AndrewC: You expect a software company (ANY software company) to support a 12 year old OS?
I just not expect anything but disabling games remotely that worked fine yesterday. Is this so hard to understand?
In two or three years Win 2000 (which was never supposed to be a consumer OS) will be 4 generations old and XP 3 generations old. Why would they dedicate resources supporting such old software?
Why should players with games that work very fine on these platforms forced to move to a new OS with compatibility problems with their old games? (You know on which site you are posting here?)
Select the game and tell it not to update ;)
And then try to start it. Have you ever tried, what you suggest here?
if you don't like it take it up with them or don't patch.
You don't have the choice with Steam.
Also, the nameless M rated unmodified titles passed the rating comity without being asked to have modified content.
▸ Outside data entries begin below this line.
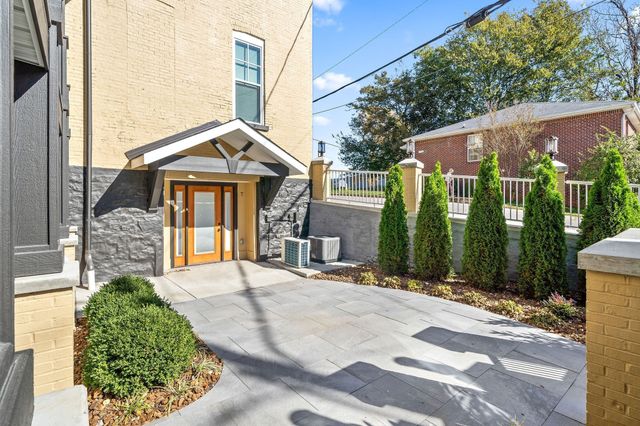638 Madison St Apt 9, Clarksville, TN 37040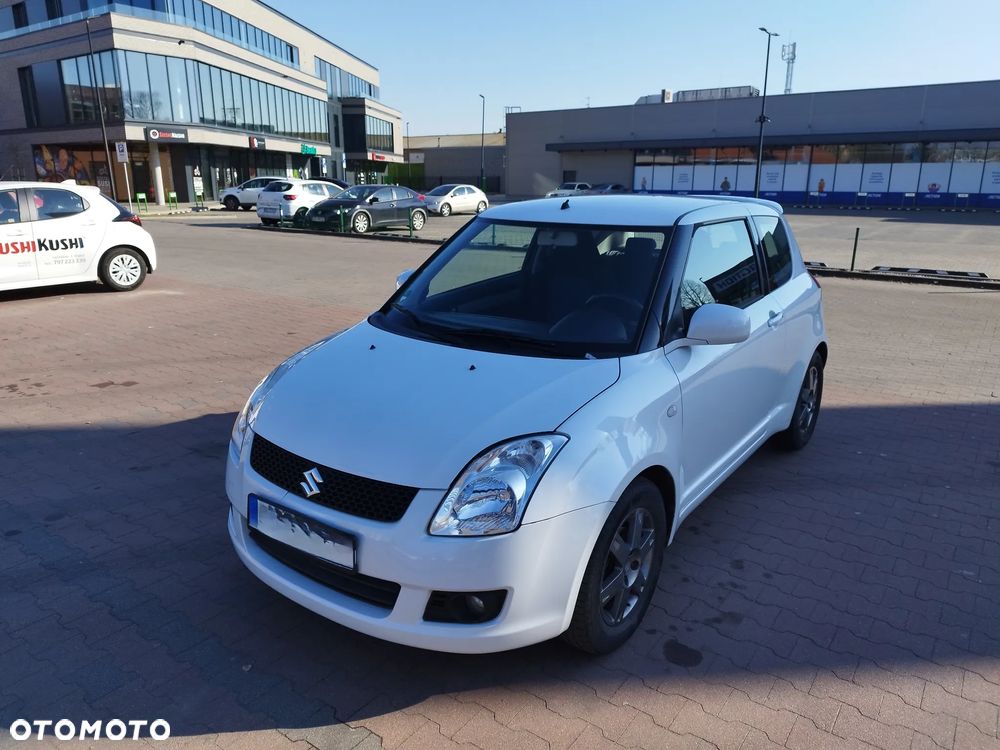 Suzuki Swift 1.3 GC - 24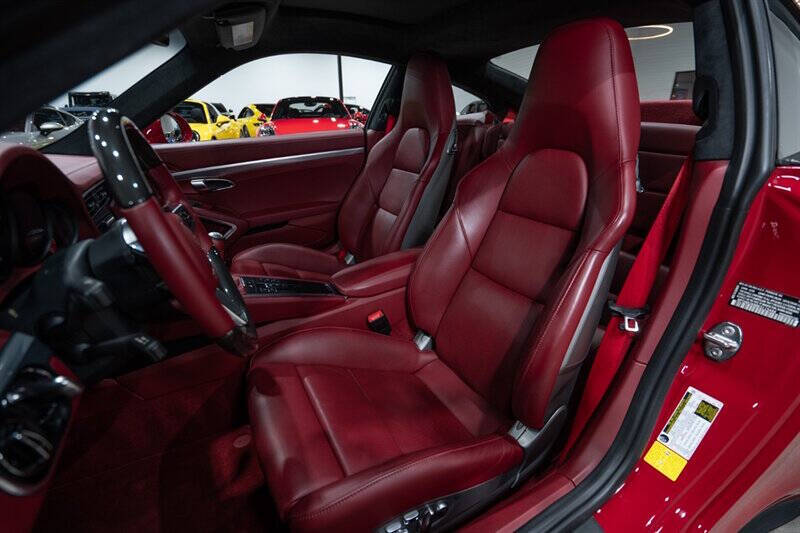 2019 Porsche 911 Carrera 4S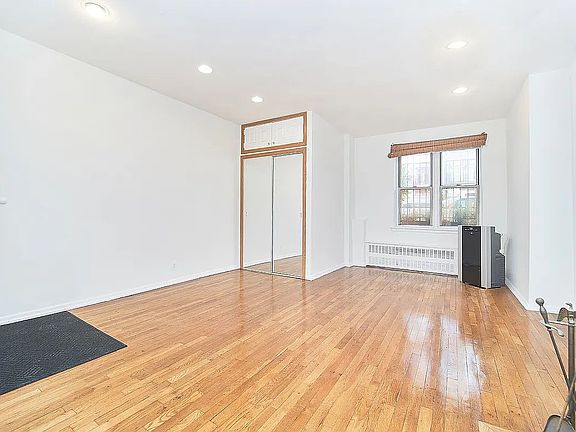 2nd image of 120 W 78th St APT 1B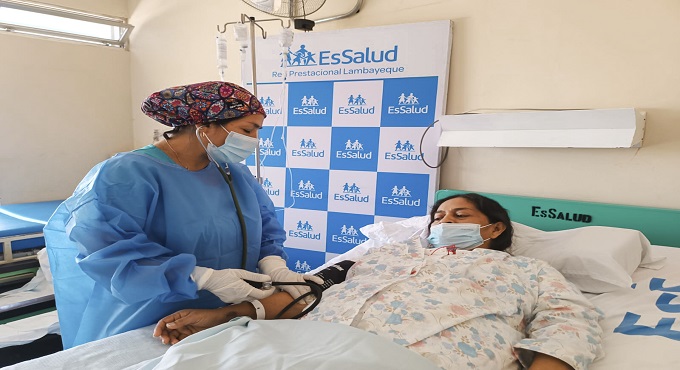 EsSalud: Mamita de 53 años le dice adiós a la diálisis gracias exitoso trasplante renal en el hospital Almanzor Aguinaga
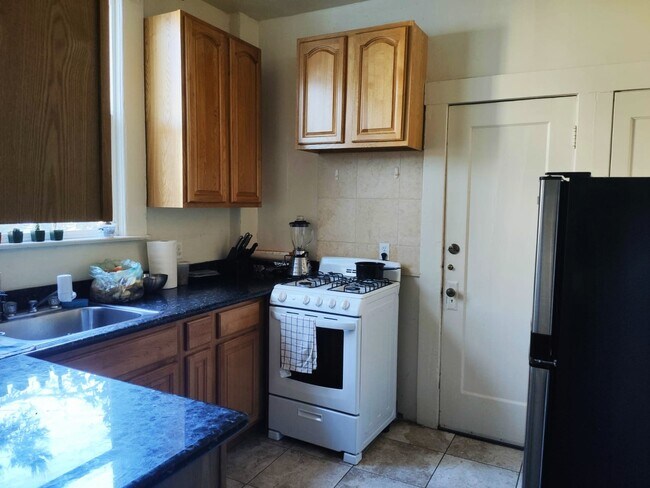 Foto del edificio - 230 Judah St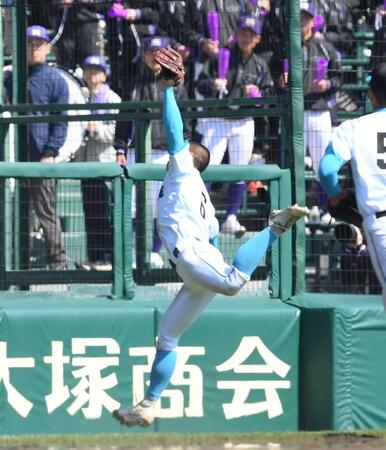 　７回、邪飛を好捕する山梨学院・萬場（撮影・西田忠信）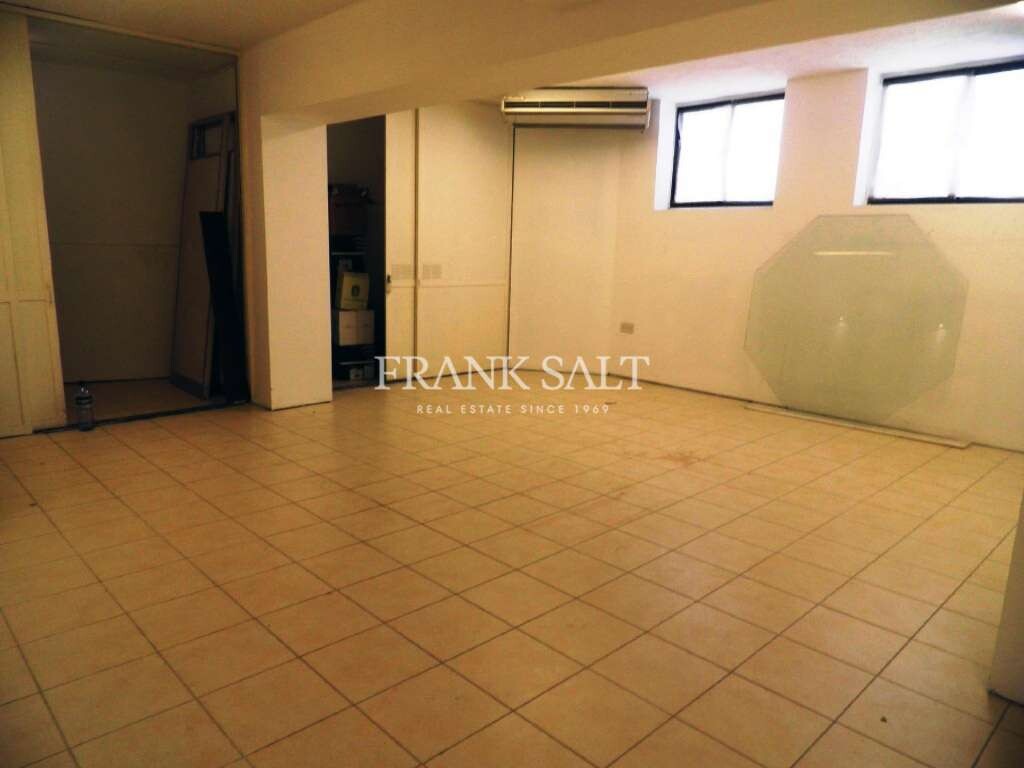 Laden in Saint Paul's Bay, Malta 100m², Nr. 12769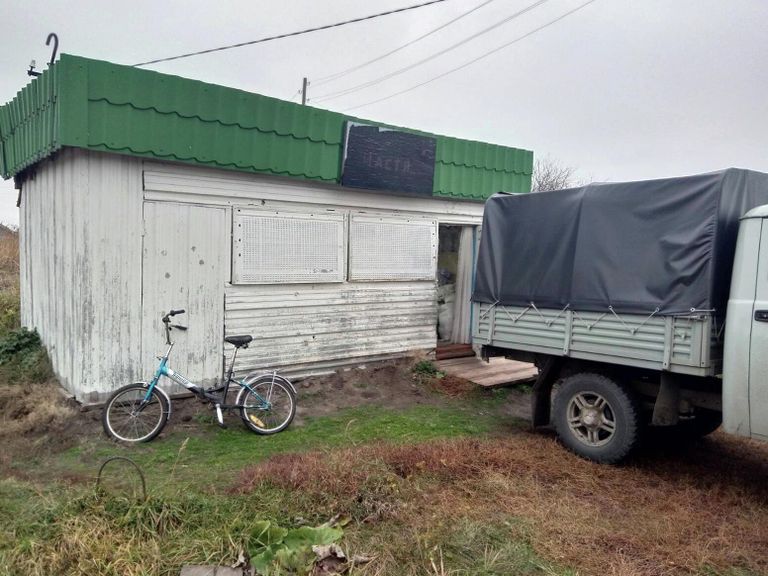 Выгрузка товара в деревне Берендеева Выгрузка товара в деревне Берендеева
Most of them passed not, because they are not submitted to the respective authorities (this costs money). In Germany these unrated titles must only sold to matures with written age verification (like pr0n), even if they are rated 3+ by PEGI or others. If Valve would remove all titles with no German rating from their catalog, they can close their store altogether.
Thus they
pretend to do something about it, annoy some legit buyers and otherwise ignore the issue. If somebody gives a child access to the Steam client with Audiosurf installed in it, then someday Valve adds a totally inappropriate Left4Dead Demo to the games list, just for marketing reasons. On the other hand, they cripple legit titles bought in UK, when someone moves around in Europe and uses them in a country with restrictive law.
The single problem around DRM is that Third-Parties
can do all these things after the money moved to them.